Militarization of Police

Why Haven't We Seen the Body Cam Footage of Duncan Lemp's Killing?

It's been nearly four months since a Maryland SWAT team killed Duncan Lemp, and there's been no transparency.

|

It's been nearly four months since Montgomery County police killed 21-year-old Duncan Lemp during a nighttime raid on his house in Potomac, Maryland, but the Montgomery County Police Department has still not released body camera footage from the incident, despite calls from civil liberties groups and Lemp's family.

Lawyers for Lemp's family claim he was shot while he was lying in bed during a March 12 no-knock raid by a Montgomery County Police Department SWAT team, who threw flashbangs into his room and fired on him through his bedroom window.

The MCPD says it received a tip that Lemp was in illegal possession of firearms, which he was allegedly barred from owning due to a juvenile offense. The MCPD claims Lemp was in "possession of a rifle" when he was shot. Additionally, the department says Lemp had designed a booby trap on his bedroom door to detonate a shotgun shell in the direction of anyone entering his room.

There's one way to possibly clear up these two conflicting narratives: Release the body camera footage from the fatal raid. But the MCPD has steadfastly refused to do so.

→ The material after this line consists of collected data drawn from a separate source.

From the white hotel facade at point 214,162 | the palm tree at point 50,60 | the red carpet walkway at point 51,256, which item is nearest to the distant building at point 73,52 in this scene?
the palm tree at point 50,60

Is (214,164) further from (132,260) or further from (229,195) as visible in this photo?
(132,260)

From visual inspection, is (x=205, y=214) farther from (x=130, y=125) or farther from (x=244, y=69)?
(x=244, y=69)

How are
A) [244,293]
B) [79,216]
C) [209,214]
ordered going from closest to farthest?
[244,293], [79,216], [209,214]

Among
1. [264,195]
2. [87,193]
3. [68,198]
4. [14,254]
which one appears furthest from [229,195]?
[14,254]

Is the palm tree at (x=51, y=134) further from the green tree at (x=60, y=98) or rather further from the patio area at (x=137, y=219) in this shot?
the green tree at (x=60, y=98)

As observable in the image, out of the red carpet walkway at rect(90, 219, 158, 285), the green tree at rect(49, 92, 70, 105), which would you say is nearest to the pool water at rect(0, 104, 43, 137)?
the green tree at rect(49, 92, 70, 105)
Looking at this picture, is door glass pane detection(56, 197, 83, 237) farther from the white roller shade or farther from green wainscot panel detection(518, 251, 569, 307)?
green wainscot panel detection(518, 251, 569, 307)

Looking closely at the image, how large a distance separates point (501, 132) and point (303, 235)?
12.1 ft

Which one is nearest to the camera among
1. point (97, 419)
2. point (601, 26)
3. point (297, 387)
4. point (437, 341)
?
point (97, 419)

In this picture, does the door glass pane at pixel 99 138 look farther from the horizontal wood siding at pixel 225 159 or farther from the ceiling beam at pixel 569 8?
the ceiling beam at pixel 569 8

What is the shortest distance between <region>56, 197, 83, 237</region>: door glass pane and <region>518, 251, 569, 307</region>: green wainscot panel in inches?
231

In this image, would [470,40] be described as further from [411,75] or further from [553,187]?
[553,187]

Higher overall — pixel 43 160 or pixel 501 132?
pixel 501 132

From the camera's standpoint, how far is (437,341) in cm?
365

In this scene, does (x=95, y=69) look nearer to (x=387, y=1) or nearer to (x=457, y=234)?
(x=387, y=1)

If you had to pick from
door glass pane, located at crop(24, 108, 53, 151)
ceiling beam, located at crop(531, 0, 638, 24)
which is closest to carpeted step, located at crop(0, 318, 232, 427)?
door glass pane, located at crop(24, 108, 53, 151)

Reason sent two public records requests, one via third-party service Muckrock and another by mail requesting the body camera footage, to the MCPD. It never received a response to either, despite Maryland law requiring the department to acknowledge those requests within 10 days. The American Conservative reports that the MCPD rejected similar requests from the Firearms Policy Coalition, a Second Amendment group.

"Montgomery County has refused to confirm that body camera video even exists and the chief has refused our requests for the family to meet with him," Rene Sandler, an attorney representing Lemp's family, says. "That is where things stand for the time being."

A Montgomery county prosecutor also threatened Lemp's family with jail time and fines if they violated Maryland's stay-at-home order to protest his killing.

The MCPD and county can spring into action when it feels like it, however. For example, MCPD released body camera footage of the fatal May 7 police shooting of another man, Finan Berhe, a mere 24 hours after it occurred.

A friend of Lemp told ABC News that Lemp was a libertarian. Lemp's social media accounts show an interest in cryptocurrency and guns. ABC News also reported that Lemp posted on militia forums, although Lemp's attorneys say he wasn't a member of any militias.

Since his death, his name has been frequently invoked by "boogaloo boys," a loose, heavily armed, and very online anti-government movement. ("Boogaloo" refers to a second civil war or armed conflict between citizens and the government. It's also used by some white supremacists to refer to the race war that they believe is just around the corner, although USA Today reports that the libertarian wing of the boogaloo movement rejects this association.)

Boogaloo groups are under intense scrutiny after several violent acts by men associated with it. Federal prosecutors recently charged two boogaloo supporters, Steven Carrillo and Robert Justus, in the May 29 killing of a security guard at a federal courthouse in Oakland, California. Facebook announced on Tuesday that it was removing hundreds of boogaloo pages.

The Howard County State's Attorney's Office is currently investigating Lemp's killing. Montgomery County and Howard County, which are adjacent to each other, have a reciprocal agreement where prosecutors for one county investigate fatal police shootings in the other.